Zenodo PPI zip file and PPI extraction scripts

rakeshr10 commented 4 months ago

Hi @anton-bushuiev,

The zenodo file ppi_6A.zip file does n’t seem to be in ‘.zip’ format. I am unable to extract it.

Also the download.sh file and ppi_extractor.py scripts for PPI extraction does n’t work. The link for pdb rsync is not working for download and many of the threads in ppi_extractor.py gives error after running for sometime.

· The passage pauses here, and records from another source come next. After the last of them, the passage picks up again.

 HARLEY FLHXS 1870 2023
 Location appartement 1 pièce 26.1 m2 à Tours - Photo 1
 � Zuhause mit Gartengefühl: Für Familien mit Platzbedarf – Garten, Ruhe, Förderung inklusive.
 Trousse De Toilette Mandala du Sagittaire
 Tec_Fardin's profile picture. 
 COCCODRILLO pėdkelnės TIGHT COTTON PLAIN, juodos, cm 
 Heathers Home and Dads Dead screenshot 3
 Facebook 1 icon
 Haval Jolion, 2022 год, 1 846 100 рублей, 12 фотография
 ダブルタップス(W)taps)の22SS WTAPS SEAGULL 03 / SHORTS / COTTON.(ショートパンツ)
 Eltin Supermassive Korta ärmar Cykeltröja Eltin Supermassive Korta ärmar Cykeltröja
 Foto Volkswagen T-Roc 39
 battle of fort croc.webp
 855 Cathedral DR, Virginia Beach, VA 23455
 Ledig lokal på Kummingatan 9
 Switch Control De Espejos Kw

Would be great if you could fix this.

Regards Rakesh

martinpacesa commented 4 months ago

I am having the same issue!

anton-bushuiev commented 4 months ago

Hi, @rakeshr10 and @martinpacesa,

Thank you for reporting the issue!

The ppi_6A.zip archive on Zenodo was indeed corrupted. I have uploaded a new, fixed file to Zenodo, and apologize for the difficulties. I have also improved the description of how to use and download the dataset in README.md (see the new "How to use" section). Now, downloading from Zenodo can be done automatically.
In the download.sh script, you may need to adjust the domain name (rsync.ebi.ac.uk by default) depending on your location (see the corresponding PDB docs). I have extended the corresponding comment in the script. For example, downloading from the US server does not work for me because I am located in Europe. That is why the UK server, suitable for Europe, is used by default in the script. Please let me know if it is not the source of the issue.
Could you please provide more details on the error caused by ppi_extractor.py? Is it a system error or a logical error in the script? If it is a system error, did you try reducing the number of processes (--max_workers argument)? If it is a logical error, could you please copy-paste the error trace here?

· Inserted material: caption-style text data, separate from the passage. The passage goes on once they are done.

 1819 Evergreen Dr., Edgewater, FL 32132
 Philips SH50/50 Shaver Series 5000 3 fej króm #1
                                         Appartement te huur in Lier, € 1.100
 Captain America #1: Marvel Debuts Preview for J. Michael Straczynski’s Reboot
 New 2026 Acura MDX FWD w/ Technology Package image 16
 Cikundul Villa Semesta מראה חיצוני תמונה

Please let me know if there are any other issues or unclarities.

Best, Anton

rakeshr10 commented 4 months ago

Hi @anton-bushuiev ,

Thanks for looking into this.

1) The zip file now seems to be fine, when I download directly from zenodo. But when I download using download_from_zenodo, it still seems to not complete the download and is corrupted, also I noticed I have to be in the root dir of ppiref for it to download in the data directory of ppiref.

2) For me the PDB urls listed in colabfold work fine. https://github.com/sokrypton/ColabFold/blob/main/setup_databases.sh

3) This was the error for ppi_extractor.py. I had dr_sasa build in external directory of ppiref.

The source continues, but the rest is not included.